During the month of March, in my last semester of seminary, I drove to Cincinnati to meet with the church’s administrative board. We talked about the usual kinds of issues, like how to counsel teens, my vision and strategy, and how to handle the tension that existed over their current use of the church bus, a battle between the youth choir and the boy scouts. The interview teamed asked me many great questions and also allowed me to “interview” them.
I asked a bunch of questions, including one inquiry which produced both laughter and incredulous looks. “What about taking a day off?” Some members gasped. Others looked nervously as if the question had never been asked. The senior pastor spoke up, “I do not take days off. On occasion I will get a few hours here and there, and try to take some vacation time, but this is not a 9-5 job.”
I was stunned. I began to explain, “I’m sure ministry is hard, and I am certain that with regular weekly events, retreats, mission trips and administrative duties, that my time will be busy. But I need some safety valves, a place and space to get renewed, to reduce the pressures of ministry.’’
I continued. “I promise you, I will work my tail off, but with all due respect, I will not be able to survive and thrive if I don’t have a weekly day off to “retreat” from the ministry. I will eventually burn out, and I don’t think you will enjoy having a weary, worn out youth worker.”
The congregation surprisingly hired me, and I am happy to announce that my senior pastor who bragged about not taking a day off in twenty two years of ministry started taking a weekly one in my second year of service.
Here are a couple of tips I like to give when thinking about taking a day to rest in ministry, or any other job really.
Figure it out.
Carving out a 12-24 hour block of time away from ministry has been relatively easy. The most difficult challenge for me is how to spend my day off. Tolkien writes, “All we have to decide is what to do with the time that is given us.’’
My long time friend and professor of counseling, Dr. Larry Wagner has a phrase, “soul fatigue,” which refers to our soul not receiving replenishment and buffers from the weariness of life. Soul fatigue is easy to talk and read about, but quite the obstacle to overcome. How do we utilize the day off as a way to deal with this tiredness of the soul?
Soul pace and space.
If God tells us to work hard for six days and take the seventh day off (Exodus 20:8), then we need to ask perhaps the most important question of all, “What work am I doing on those six days that should stop doing on the seventh?” The first thing to go for me is my primary task, which is teaching, mentoring, speaking and ministering to youth and young adults. My day off is a departure from that regularity. In a sense, I move from being “David the extravert” (people time) to “David the introvert (solitude time).”

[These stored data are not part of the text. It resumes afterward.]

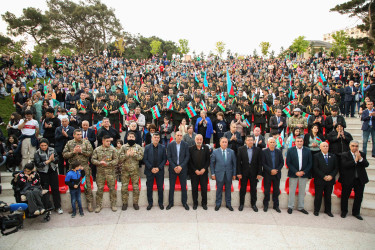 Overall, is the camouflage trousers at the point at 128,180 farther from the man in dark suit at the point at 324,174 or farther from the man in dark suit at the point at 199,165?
the man in dark suit at the point at 324,174

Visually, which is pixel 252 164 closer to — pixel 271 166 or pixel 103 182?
pixel 271 166

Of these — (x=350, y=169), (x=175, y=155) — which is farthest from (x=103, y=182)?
(x=350, y=169)

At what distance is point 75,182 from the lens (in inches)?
240

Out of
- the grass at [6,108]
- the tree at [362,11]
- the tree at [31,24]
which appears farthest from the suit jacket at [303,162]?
the tree at [31,24]

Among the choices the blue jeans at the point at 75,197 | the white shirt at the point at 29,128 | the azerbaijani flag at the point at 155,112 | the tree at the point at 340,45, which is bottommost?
the blue jeans at the point at 75,197

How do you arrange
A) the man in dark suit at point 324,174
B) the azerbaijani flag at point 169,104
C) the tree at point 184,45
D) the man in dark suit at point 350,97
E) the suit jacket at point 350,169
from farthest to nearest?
the tree at point 184,45 < the man in dark suit at point 350,97 < the azerbaijani flag at point 169,104 < the man in dark suit at point 324,174 < the suit jacket at point 350,169

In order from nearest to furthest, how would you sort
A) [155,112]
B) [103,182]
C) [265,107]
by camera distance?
[103,182] → [155,112] → [265,107]

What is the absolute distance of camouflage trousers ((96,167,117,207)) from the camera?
21.1ft

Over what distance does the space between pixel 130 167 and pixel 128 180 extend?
366mm

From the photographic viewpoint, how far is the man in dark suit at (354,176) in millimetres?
6211

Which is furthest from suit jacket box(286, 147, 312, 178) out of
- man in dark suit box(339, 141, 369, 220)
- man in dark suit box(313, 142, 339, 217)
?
man in dark suit box(339, 141, 369, 220)

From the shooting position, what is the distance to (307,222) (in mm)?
6152

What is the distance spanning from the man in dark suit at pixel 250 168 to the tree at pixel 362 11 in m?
36.2

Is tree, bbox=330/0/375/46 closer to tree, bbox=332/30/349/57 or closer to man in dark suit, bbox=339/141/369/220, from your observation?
tree, bbox=332/30/349/57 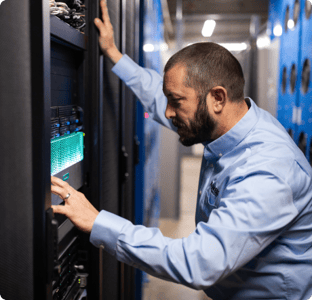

So do something that is not a part of your six day rhythm. Working in a garden, hunting, reading a novel. Oh and don’t forget naps!
On the Sabbath, Jesus made some mud and opened a man’s eyes. Talk about a creative day off? And how much fun was it for the blind man, who experienced restoration? Your day off might not be that radical, it could be a visit to an elderly neighbor, gardening, working on an old car, or photographing birds.
How about staying away from church work, emails and phone calls? Why not climb on a boat and go fishing, sailing, or a day trip to the beach or mountains?
Jackson Browne released his famous song in 1977, “Running on Empty.” The soul cannot keep going and going without eventually breaking down. The soul needs a day off. How about you?